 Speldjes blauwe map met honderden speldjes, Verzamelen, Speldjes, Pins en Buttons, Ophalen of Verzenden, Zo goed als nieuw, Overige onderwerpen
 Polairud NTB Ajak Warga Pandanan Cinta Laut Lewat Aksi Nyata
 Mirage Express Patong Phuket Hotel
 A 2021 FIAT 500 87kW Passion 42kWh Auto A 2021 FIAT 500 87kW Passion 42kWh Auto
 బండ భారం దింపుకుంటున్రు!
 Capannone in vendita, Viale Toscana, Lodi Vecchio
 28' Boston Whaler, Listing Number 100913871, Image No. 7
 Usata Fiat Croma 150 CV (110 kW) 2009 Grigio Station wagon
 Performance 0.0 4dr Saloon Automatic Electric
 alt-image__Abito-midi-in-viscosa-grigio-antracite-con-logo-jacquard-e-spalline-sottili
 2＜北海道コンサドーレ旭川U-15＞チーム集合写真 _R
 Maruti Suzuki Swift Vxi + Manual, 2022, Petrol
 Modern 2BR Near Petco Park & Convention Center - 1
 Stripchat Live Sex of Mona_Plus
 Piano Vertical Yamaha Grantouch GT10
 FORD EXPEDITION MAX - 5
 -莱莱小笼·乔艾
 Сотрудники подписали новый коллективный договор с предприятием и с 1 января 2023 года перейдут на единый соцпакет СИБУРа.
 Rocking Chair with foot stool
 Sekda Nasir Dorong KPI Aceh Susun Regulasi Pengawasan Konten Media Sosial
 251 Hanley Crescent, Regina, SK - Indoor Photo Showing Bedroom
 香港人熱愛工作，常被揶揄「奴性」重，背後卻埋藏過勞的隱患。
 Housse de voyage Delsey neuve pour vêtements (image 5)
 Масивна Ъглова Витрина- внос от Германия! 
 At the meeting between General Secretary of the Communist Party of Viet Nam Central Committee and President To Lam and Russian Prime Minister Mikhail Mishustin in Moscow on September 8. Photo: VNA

YOUR GOAL: An exact copy of the lines from the one with "Housse de voyage" through the final line of the entries is the whole answer.

EXERCISE RESULT:
 Housse de voyage Delsey neuve pour vêtements (image 5)
 Масивна Ъглова Витрина- внос от Германия! 
 At the meeting between General Secretary of the Communist Party of Viet Nam Central Committee and President To Lam and Russian Prime Minister Mikhail Mishustin in Moscow on September 8. Photo: VNA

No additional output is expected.